Terrell is terrific
Published 12:11 am Sunday, May 25, 2014
Sprinter dominated in Class 5A
Following a recent interview with a reporter, Terrell Smith made a point to thank his family, coaches and community for their role in his success.
Fiercely loyal to Vicksburg, and Mississippi in general, he’s proud to fly a flag for the city and state. Someday, he might even fly it for all the world to see.
Smith, a senior sprinter for Vicksburg High, capped a stellar high school career this season by winning three gold medals the MHSAA Class 5A state meet. He set an overall state record with his time of 21.03 in the 200 meters and also won the 100 meters and long jump.
Smith’s long list of accolades includes seven individual state championships over the past four years, a top-four finish at the 2013 USATF Junior Olympics, and a track scholarship to Kansas State next season.
He’s also the boys Athlete of the Year on The Vicksburg Post’s first-ever All-County Track and Field team.
“It’s very much an accomplishment,” Smith said. “The first of anything is always good. The first person to break a record, the first to put a new time on a track. You’re the first. Can’t nobody take that from you.”
Smith excelled throughout his high school career. He won the state title in the 100 meter dash in 2013 and 2014 — with the fastest time in the state both years — and the long jump this season.
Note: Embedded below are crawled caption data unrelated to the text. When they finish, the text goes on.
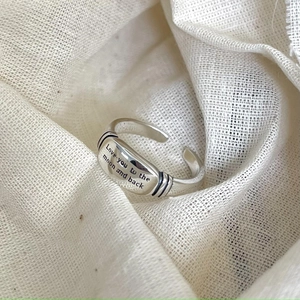 Detail of 925 sterling silver ring with 'Love you to the moon and back' engraving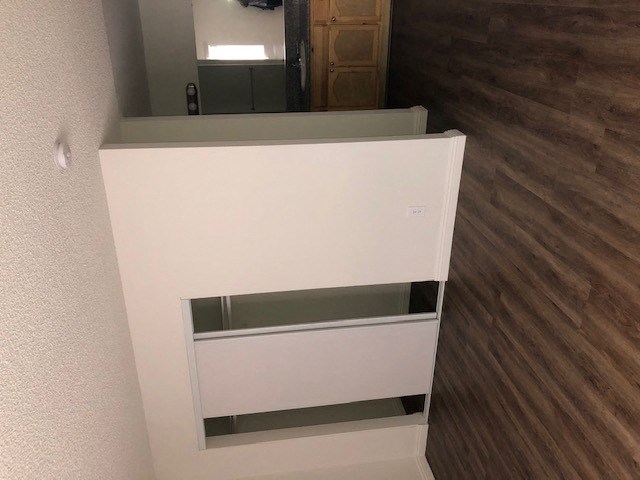 a white cabinet in a room with wood floors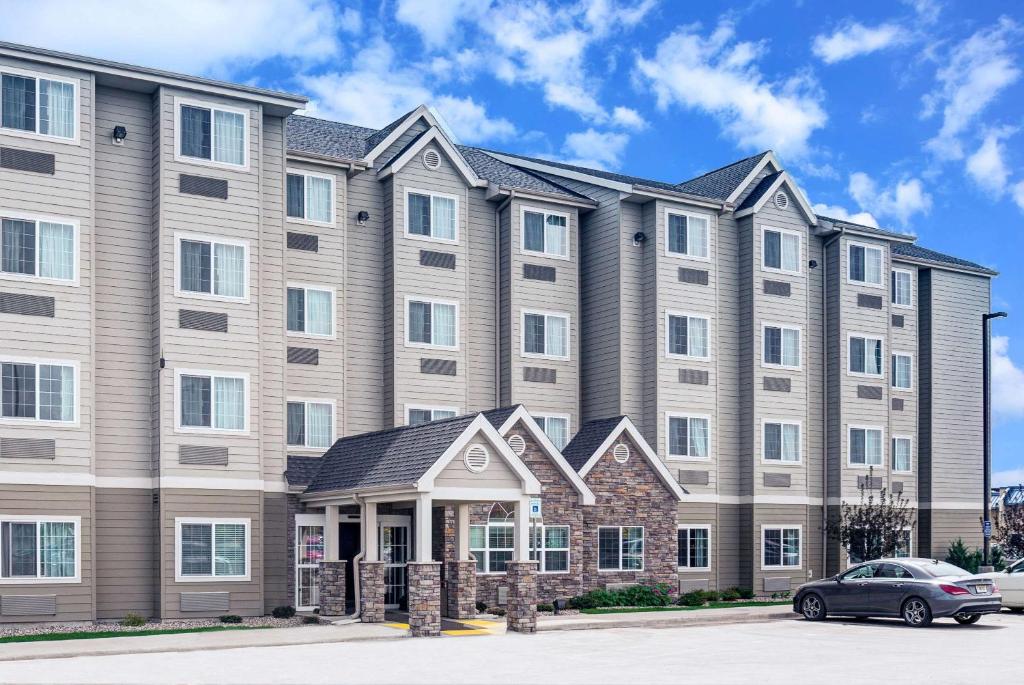 a large apartment building with a car parked in front at Microtel Inn & Suites by Wyndham Williston in Williston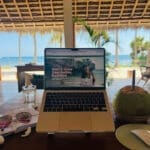 Laptop lifestyle with coconut in the tropics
His best event is the 200 meters, which he won four times.
Smith said the mental and physical challenge of the 200 made it his favorite event.
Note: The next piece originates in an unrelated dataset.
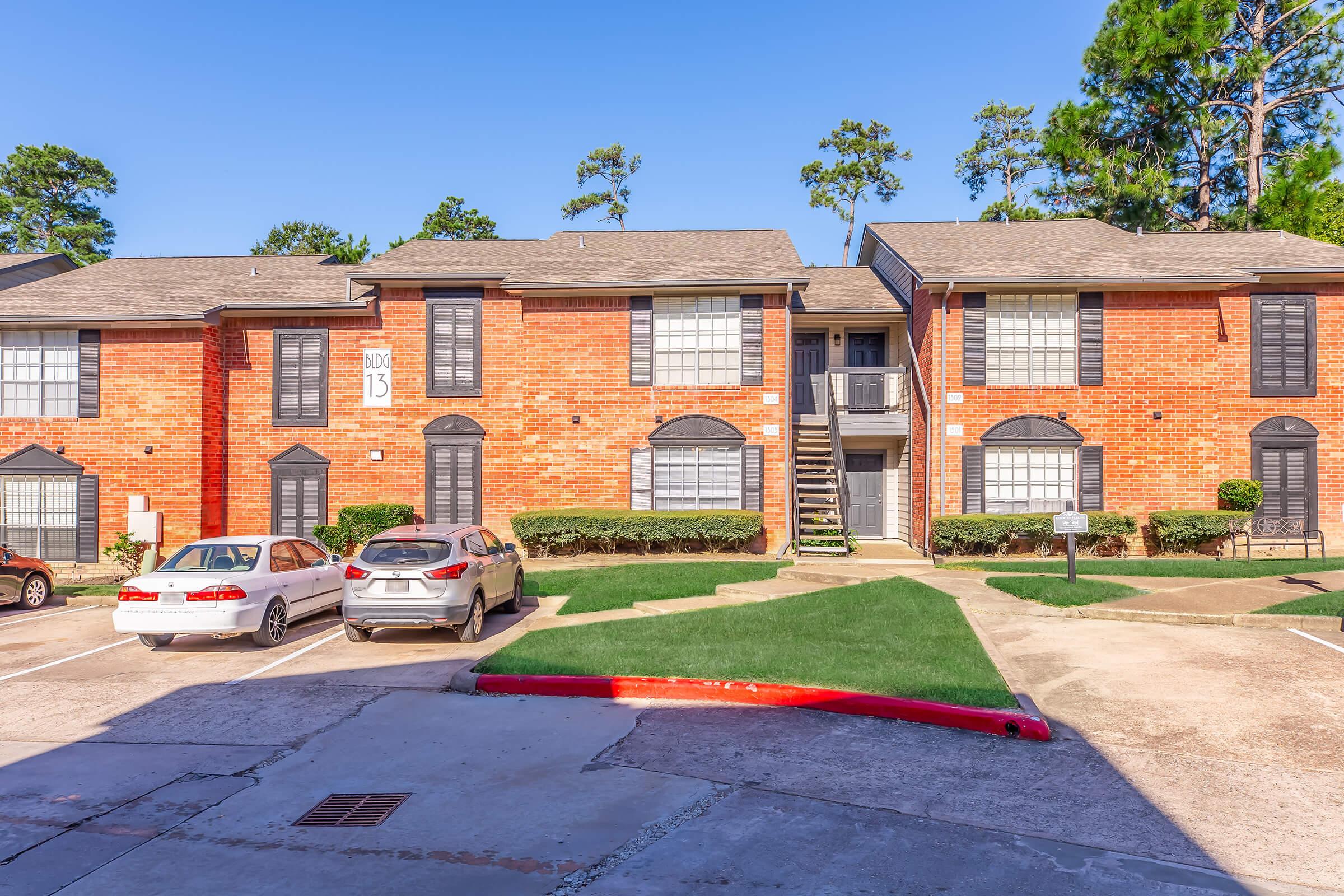 A two-story brick apartment building with multiple units, featuring landscaped grassy areas and a parking lot. The building has stairs leading to the second floor and a sign with the number 13. Clear blue sky and surrounding trees are visible.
“I like short races. I like the 200. It’s about who can sustain it. It’s about strength, more. Can you sustain while other people are running beside you?” Smith said. “The 100 is just a quick race. Whoever has the most speed coming out.”
If there’s one thing Smith has, it’s speed to spare. His best 200 meter time this season, 20.79 seconds, would’ve put him in the top 10 of the Big 12 Conference that Kansas State competes in, and in the top 50 nationally.
“That’s not bad since I’m still in high school,” he said.
Smith, though, has far bigger goals in mind.
A few years down the road, a pro track career is a possibility. So are the 2020 Olympics, if he can continue to improve.
“To come from Mississippi and do that, it’s something big,” Smith said. “It’d put us on the map, because everybody overlooked us. Like we’re not even really here, we’re just a state. That is very irritating. It makes me feel like we’re just irrelevant. I hate that.”
Reaching that level, Smith said, would mean more than just proudly representing Mississippi and the United States on his sport’s biggest stage.
It would mean he’d made it, when so many others had fallen by the wayside.
A few days before the state meet, when he was still eyeing the four-year sweep in the 200 meters and the state record, Smith said it was important to him not to be just a flash in the pan.
“If I accomplish it, I feel like people will remember me as the best to ever come out of Mississippi,” he said, referring to the 200 meter record. “And if I sustain it in college, then they’ll remember my name until I’m long gone. Right now, people just hear about people for a couple of years and then they disappear and they forget about them and they’re looking for the next best thing. I don’t want that to be me.”